Review: Iced: A Novel

Seven years ago, Miles Pussett was a steeplechase jockey, loving the rush of the race. But after an unfortunate event, he left horseracing behind and swore he would never return. Now he gets his adrenaline rush from riding headfirst down the Cresta Run, a three-quarter-mile Swiss ice chute, reaching speeds of up to eighty miles per hour.
 
Finding himself in St Moritz during the same weekend as White Turf, when high-class horseracing takes place on the frozen lake, he gets talked into helping out with the horses. Against his better judgement, he decides to assist, but things aren’t as innocent as they seemed.

My Review

Iced didn’t quite live up to my expectations of a mystery. However, I did gain insight into mental health issues, discovered a new sport, and enjoyed the plot. Felix used an interesting technique to show how the character’s past affected his present by weaving two stories together, one, now and the other seven years earlier. However, as I read, I didn’t always switch from past to present, or vice versa, when I should have and felt confused. In addition, the protagonist, Miles Pussett, came off a little whiny, and I had little sympathy for him.

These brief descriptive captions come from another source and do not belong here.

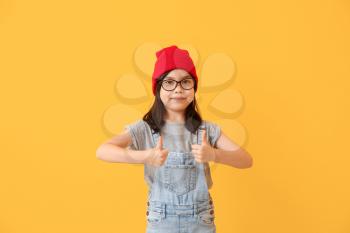 Portrait of stylish little girl showing thumb-up gesture on color background�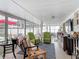 Bright sunroom with lots of natural light, comfortable seating, and access to the backyard at 805 E 15Th Ave, New Smyrna Beach, FL 32169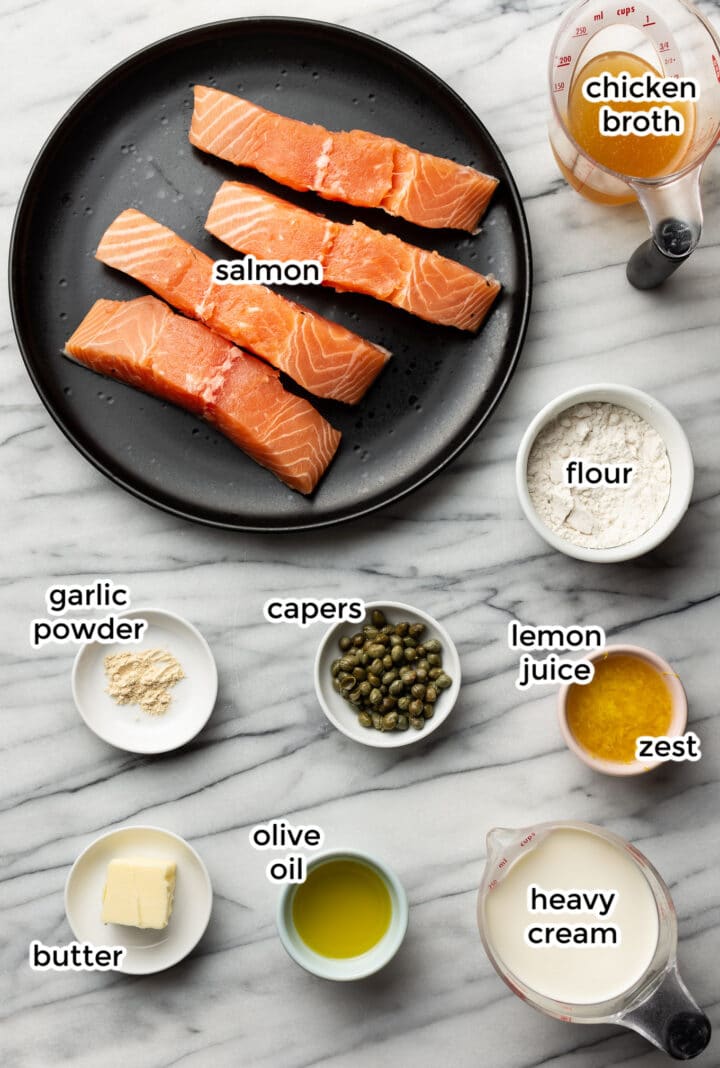 ingredients for salmon piccata on a marble surface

On the other hand, I didn’t put the book down. And I found I was interested in how Pussett, a jockey, ended up in St. Moritz riding the ice. Surprisingly, I enjoyed this book. 

Meet Felix Francis

FELIX FRANCIS is Dick Francis’s youngest son. Born in 1953, Felix studied Physics and Electronics at London University and then embarked upon a 17 year career teaching Advanced Level physics at three schools, the last seven as head of the science department at Bloxham School in Oxfordshire.

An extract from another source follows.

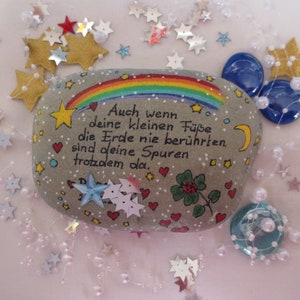 May include: A smooth gray stone painted with a colorful rainbow, a yellow crescent moon, small red hearts, and a green four-leaf clover. The German text reads: Auch wenn deine kleinen F&uuml;&szlig;e die Erde nie ber&uuml;hrten, sind deine Spuren trotzdem da.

Felix remembers conversations around the Francis breakfast table being somewhat unconventional. “The production of a Dick Francis novel has always been a mixture of inspiration, perspiration and teamwork. The first one was published when I was nine, and I grew up in a house where breakfast talk would be about the damage a bullet might do to a man’s guts rather than the more mundane topics of everyday life”, he says.

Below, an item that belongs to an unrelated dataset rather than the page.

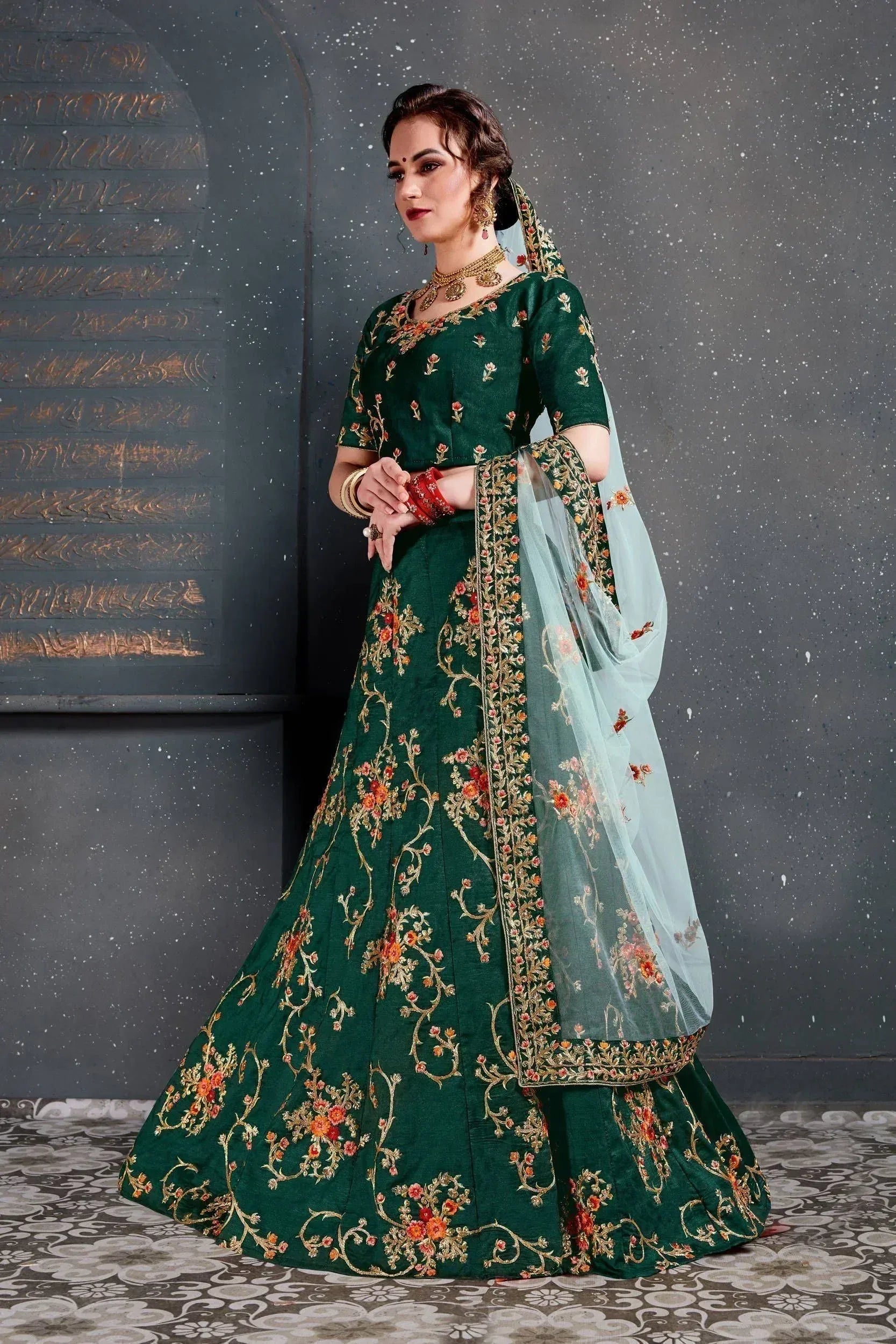 Emerald green designer lehenga choli with floral embroidery and sheer dupatta for Indian ethnic wear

Over the past 40 years Felix assisted Dick with both the research and the writing of many of his novels. They shared a love of racing and often worked together on plot and character details at Dick’s home in the Cayman Islands. This partnership allowed Dick to draw upon Felix’s knowledge and experience as a physics teacher in Twice Shy and his past as an international marksman in Shattered (2000) and Under Orders (2006).